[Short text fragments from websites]
═══
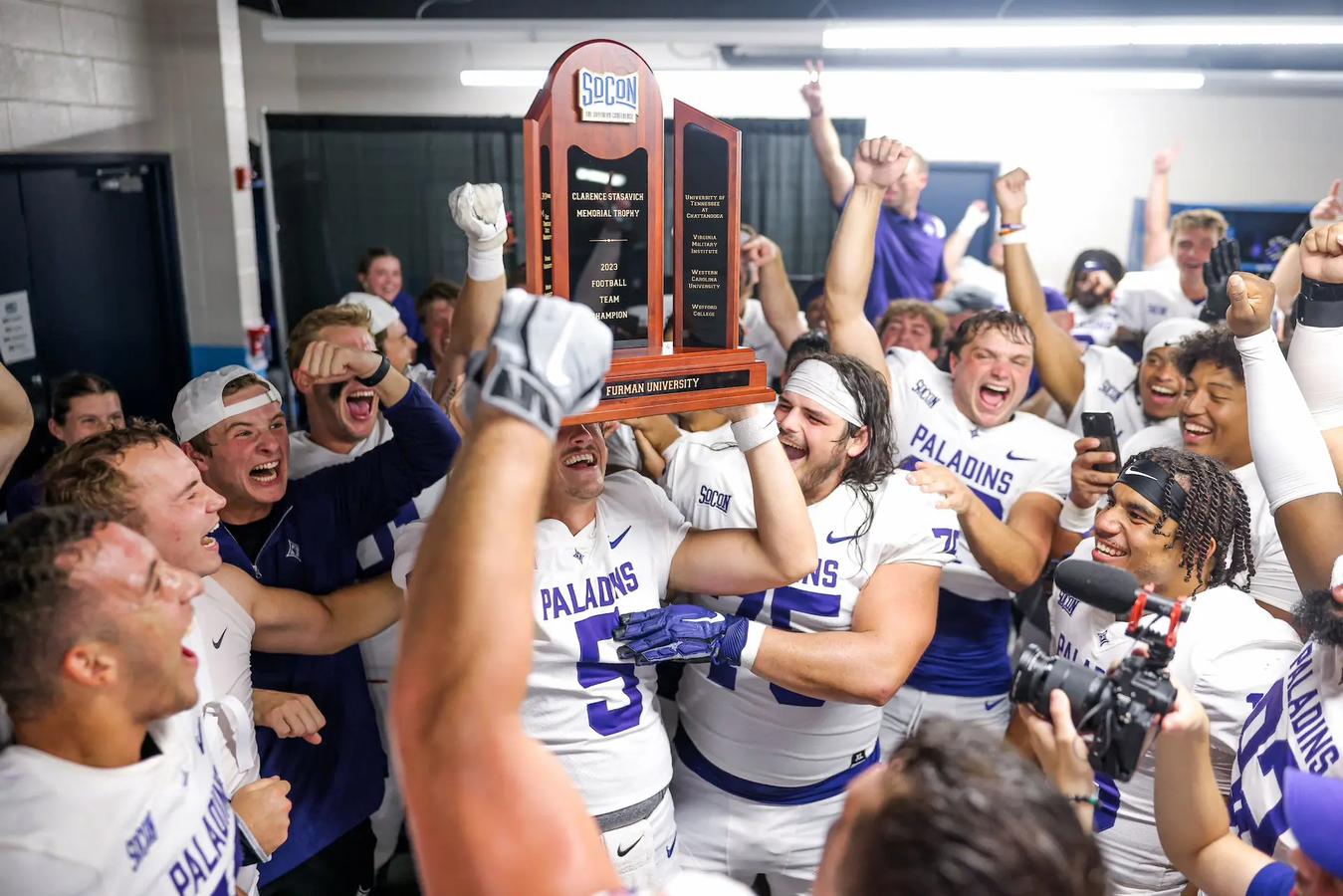 Furman football lifts SoCon Championship Trophy after beating Chattanooga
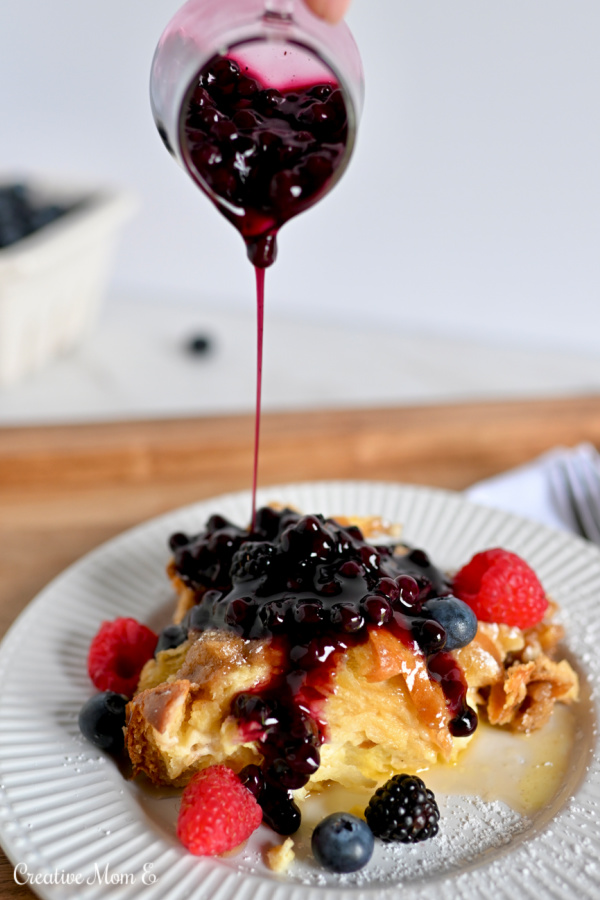 Homemade blueberry syrup being drizzled over cream cheese French toast casserole with fresh berries. 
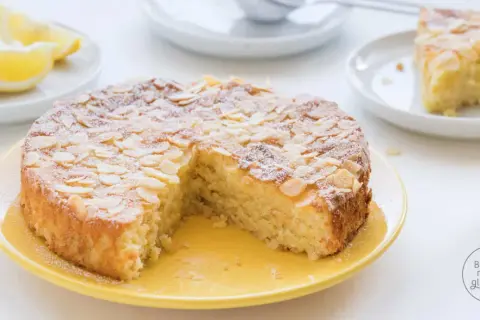 Saftiger mandelkuchen rezept, bestäubt mit Puderzucker und Mandelsplittern, daneben Zitronenspalten und eine ganze Zitrone.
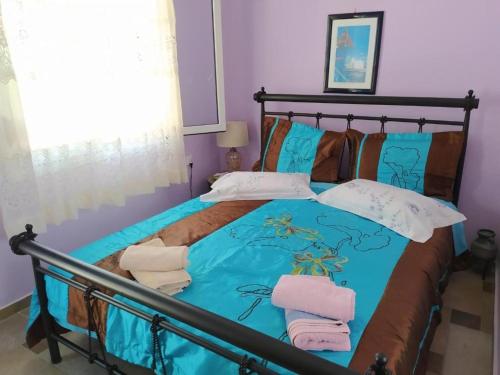 a bedroom with a blue bed with towels on it at Η ΑΝΕΣΗ in Agia Anna Naxos
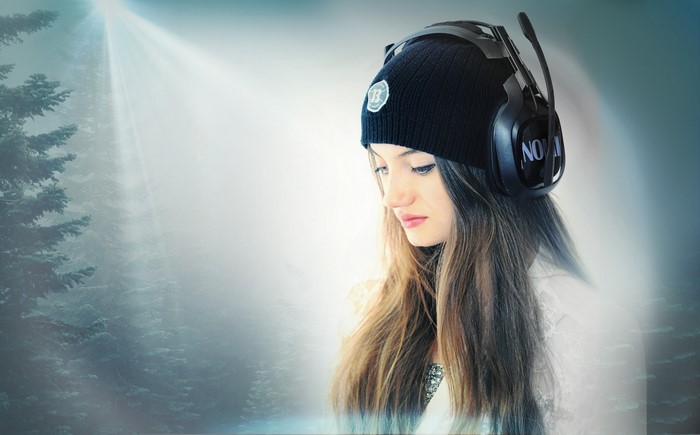 Woman wearing headphones and beanie in a foggy forest
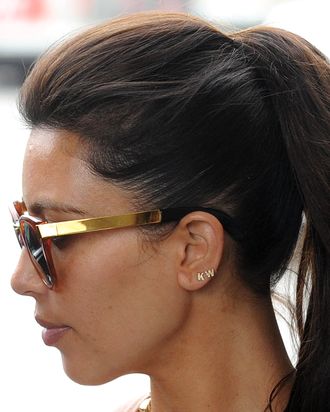 Kim's 'KW' earrings.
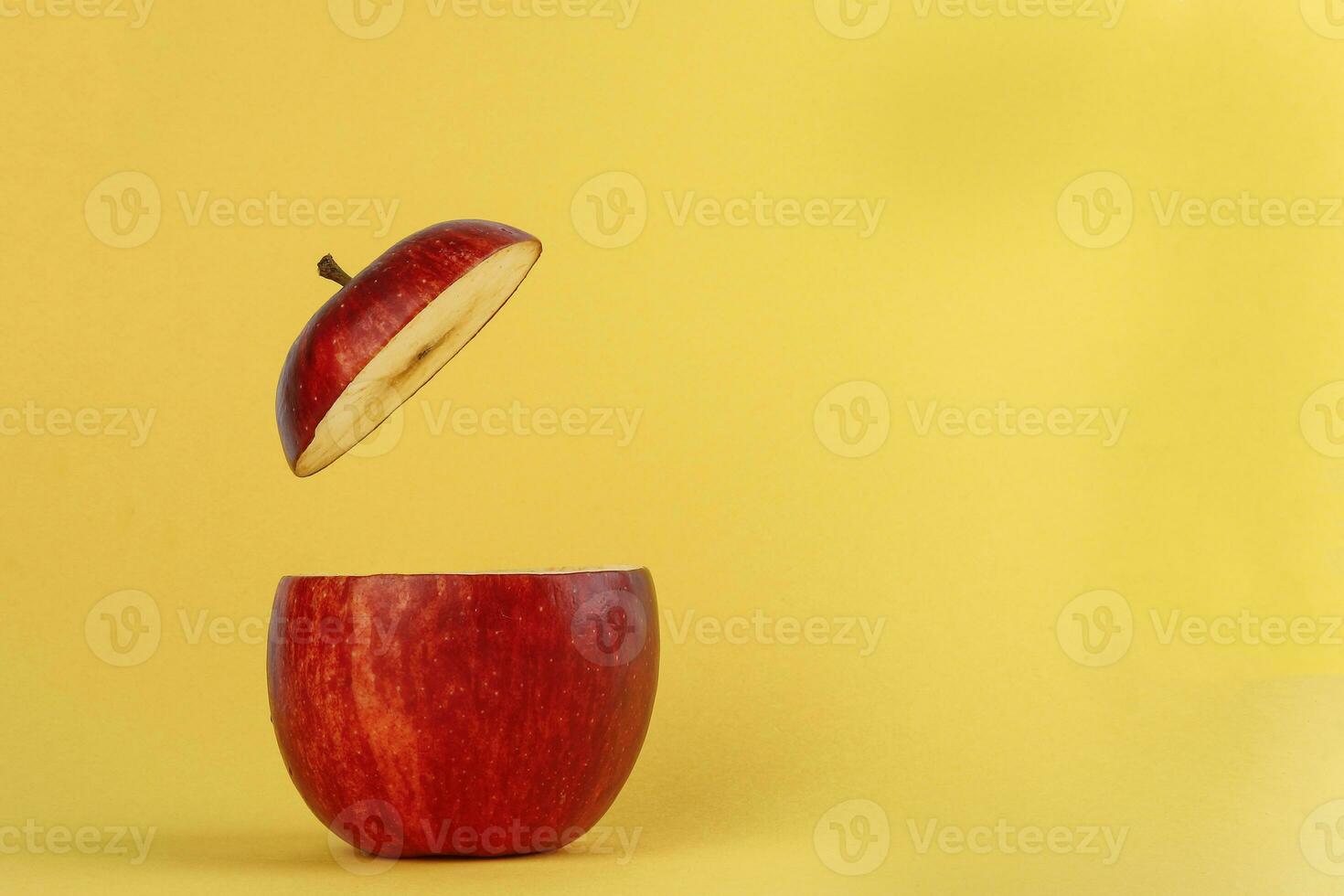 Healthy Red Cut Apple floating top slice juice drink idea concept on yellow background photo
═══
## [PROBLEM STATEMENT]
The result should hold only the lines from the line with "Kim's 'KW' earrings." through the final line of the records above, copied exactly, with pictures left out.

## [RESPONSE TO THE EXERCISE]
 Kim's 'KW' earrings.
 Healthy Red Cut Apple floating top slice juice drink idea concept on yellow background photo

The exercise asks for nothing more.